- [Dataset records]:
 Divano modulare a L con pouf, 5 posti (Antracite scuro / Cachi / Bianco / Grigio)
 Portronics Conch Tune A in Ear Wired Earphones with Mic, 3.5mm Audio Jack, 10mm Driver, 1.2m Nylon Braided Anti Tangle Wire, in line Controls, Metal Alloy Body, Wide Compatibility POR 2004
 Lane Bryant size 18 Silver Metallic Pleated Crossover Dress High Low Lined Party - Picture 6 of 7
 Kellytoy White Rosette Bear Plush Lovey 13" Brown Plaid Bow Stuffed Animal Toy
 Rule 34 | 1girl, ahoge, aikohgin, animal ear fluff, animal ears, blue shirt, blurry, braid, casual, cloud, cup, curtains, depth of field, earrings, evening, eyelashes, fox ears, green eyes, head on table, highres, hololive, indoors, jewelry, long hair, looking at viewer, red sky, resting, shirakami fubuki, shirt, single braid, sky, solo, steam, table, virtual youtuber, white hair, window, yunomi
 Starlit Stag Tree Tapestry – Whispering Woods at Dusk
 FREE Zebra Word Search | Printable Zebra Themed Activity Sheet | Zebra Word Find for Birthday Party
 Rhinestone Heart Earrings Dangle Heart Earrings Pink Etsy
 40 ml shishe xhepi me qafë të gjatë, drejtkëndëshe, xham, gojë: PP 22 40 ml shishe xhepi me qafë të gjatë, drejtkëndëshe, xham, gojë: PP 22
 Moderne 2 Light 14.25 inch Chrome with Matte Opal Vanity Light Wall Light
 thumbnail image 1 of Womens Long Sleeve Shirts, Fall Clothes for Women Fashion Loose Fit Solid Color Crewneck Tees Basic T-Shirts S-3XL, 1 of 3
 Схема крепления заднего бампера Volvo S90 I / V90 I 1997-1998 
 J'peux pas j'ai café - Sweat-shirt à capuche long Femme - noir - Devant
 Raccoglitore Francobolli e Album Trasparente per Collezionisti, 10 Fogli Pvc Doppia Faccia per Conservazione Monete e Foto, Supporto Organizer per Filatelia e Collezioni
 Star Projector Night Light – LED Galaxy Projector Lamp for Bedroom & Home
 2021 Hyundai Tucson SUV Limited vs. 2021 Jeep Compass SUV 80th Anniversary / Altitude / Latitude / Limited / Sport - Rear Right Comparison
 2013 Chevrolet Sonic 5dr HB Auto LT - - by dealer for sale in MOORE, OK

- [EXERCISE DESCRIPTION]:
Word for word, give the records again.

- [EXERCISE RESPONSE]:
 Divano modulare a L con pouf, 5 posti (Antracite scuro / Cachi / Bianco / Grigio)
 Portronics Conch Tune A in Ear Wired Earphones with Mic, 3.5mm Audio Jack, 10mm Driver, 1.2m Nylon Braided Anti Tangle Wire, in line Controls, Metal Alloy Body, Wide Compatibility POR 2004
 Lane Bryant size 18 Silver Metallic Pleated Crossover Dress High Low Lined Party - Picture 6 of 7
 Kellytoy White Rosette Bear Plush Lovey 13" Brown Plaid Bow Stuffed Animal Toy
 Rule 34 | 1girl, ahoge, aikohgin, animal ear fluff, animal ears, blue shirt, blurry, braid, casual, cloud, cup, curtains, depth of field, earrings, evening, eyelashes, fox ears, green eyes, head on table, highres, hololive, indoors, jewelry, long hair, looking at viewer, red sky, resting, shirakami fubuki, shirt, single braid, sky, solo, steam, table, virtual youtuber, white hair, window, yunomi
 Starlit Stag Tree Tapestry – Whispering Woods at Dusk
 FREE Zebra Word Search | Printable Zebra Themed Activity Sheet | Zebra Word Find for Birthday Party
 Rhinestone Heart Earrings Dangle Heart Earrings Pink Etsy
 40 ml shishe xhepi me qafë të gjatë, drejtkëndëshe, xham, gojë: PP 22 40 ml shishe xhepi me qafë të gjatë, drejtkëndëshe, xham, gojë: PP 22
 Moderne 2 Light 14.25 inch Chrome with Matte Opal Vanity Light Wall Light
 thumbnail image 1 of Womens Long Sleeve Shirts, Fall Clothes for Women Fashion Loose Fit Solid Color Crewneck Tees Basic T-Shirts S-3XL, 1 of 3
 Схема крепления заднего бампера Volvo S90 I / V90 I 1997-1998 
 J'peux pas j'ai café - Sweat-shirt à capuche long Femme - noir - Devant
 Raccoglitore Francobolli e Album Trasparente per Collezionisti, 10 Fogli Pvc Doppia Faccia per Conservazione Monete e Foto, Supporto Organizer per Filatelia e Collezioni
 Star Projector Night Light – LED Galaxy Projector Lamp for Bedroom & Home
 2021 Hyundai Tucson SUV Limited vs. 2021 Jeep Compass SUV 80th Anniversary / Altitude / Latitude / Limited / Sport - Rear Right Comparison
 2013 Chevrolet Sonic 5dr HB Auto LT - - by dealer for sale in MOORE, OK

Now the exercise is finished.